How to Save on Your Energy Bill During a Winter Storm
With super-storm Juno on the way, there are ways to save money and minimize weather related damage at home. To prepare, longtime New Englander and “This Old House” master carpenter Norm Abram advises homeowners to think of winterization priorities from the top down.
Here are the spaces to check and the tips to follow to make your home energy-efficient.

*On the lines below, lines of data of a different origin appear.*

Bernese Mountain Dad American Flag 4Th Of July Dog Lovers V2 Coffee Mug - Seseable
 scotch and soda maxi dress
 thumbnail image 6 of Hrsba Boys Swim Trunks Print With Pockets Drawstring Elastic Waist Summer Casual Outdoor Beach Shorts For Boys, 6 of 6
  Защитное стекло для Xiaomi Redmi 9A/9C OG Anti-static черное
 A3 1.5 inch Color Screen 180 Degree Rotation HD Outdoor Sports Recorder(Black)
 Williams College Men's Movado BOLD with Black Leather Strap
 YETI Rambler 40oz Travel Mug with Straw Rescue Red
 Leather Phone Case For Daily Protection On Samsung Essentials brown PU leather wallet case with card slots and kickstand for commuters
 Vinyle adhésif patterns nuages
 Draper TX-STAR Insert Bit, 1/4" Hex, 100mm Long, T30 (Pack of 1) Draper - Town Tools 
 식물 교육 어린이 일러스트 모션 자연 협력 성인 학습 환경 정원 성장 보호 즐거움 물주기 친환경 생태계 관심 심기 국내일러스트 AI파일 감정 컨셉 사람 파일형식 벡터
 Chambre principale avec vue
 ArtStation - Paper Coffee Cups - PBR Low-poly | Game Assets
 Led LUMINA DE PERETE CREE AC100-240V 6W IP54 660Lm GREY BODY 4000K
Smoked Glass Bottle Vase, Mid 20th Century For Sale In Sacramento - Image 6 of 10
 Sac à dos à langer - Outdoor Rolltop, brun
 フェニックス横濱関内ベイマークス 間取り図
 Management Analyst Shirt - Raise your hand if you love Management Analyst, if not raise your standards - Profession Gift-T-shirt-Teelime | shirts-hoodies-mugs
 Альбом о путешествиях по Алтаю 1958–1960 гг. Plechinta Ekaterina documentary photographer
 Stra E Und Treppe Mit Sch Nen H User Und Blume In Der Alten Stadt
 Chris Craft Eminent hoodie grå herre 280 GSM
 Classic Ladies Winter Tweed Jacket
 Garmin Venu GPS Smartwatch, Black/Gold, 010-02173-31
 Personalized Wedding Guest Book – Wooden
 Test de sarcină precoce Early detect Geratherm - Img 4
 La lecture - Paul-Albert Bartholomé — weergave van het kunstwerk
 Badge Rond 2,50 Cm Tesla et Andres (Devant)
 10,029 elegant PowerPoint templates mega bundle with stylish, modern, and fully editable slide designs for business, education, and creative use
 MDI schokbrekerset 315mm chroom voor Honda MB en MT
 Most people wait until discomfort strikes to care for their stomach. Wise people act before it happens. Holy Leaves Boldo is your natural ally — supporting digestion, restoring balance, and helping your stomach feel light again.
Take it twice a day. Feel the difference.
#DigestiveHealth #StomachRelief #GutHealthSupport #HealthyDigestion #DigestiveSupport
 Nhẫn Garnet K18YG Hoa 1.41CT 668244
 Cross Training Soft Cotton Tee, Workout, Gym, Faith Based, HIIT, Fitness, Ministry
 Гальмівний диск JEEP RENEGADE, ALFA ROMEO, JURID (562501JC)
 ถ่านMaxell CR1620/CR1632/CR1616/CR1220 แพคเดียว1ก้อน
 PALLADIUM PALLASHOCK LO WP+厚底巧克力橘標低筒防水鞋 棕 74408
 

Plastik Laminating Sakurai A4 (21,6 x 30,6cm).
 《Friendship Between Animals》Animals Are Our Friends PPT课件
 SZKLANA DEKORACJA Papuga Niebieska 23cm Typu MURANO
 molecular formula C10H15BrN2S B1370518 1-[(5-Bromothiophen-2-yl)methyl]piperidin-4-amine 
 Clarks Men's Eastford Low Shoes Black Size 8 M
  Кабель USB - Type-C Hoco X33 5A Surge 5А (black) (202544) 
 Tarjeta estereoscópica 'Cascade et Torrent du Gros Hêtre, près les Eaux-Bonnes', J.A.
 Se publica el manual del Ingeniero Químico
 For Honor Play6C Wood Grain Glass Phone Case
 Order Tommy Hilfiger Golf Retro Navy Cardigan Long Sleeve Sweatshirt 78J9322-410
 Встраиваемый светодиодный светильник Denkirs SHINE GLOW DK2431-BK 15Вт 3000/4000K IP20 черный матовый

1. The roof: “Certainly the roof is the area of the house here in New England that gets the most damage and is abused by the winter weather. Check to see if there are dead branches on trees close to the house. If they go over in the wintertime, they can cause an awful a lot of damage. The thing that’s the most common problem on roofs is ice damming (ridges of solid ice that build up along the eaves). Dams can tear off gutters, loosen shingles, and cause water to back up and pour into your house. If you’ve had ice dams in the past, the most important thing we can do is try to keep the snow off. There are a lot of options now, like electrical melting systems and cables you can put in a gutter, but these should be installed by a professional.”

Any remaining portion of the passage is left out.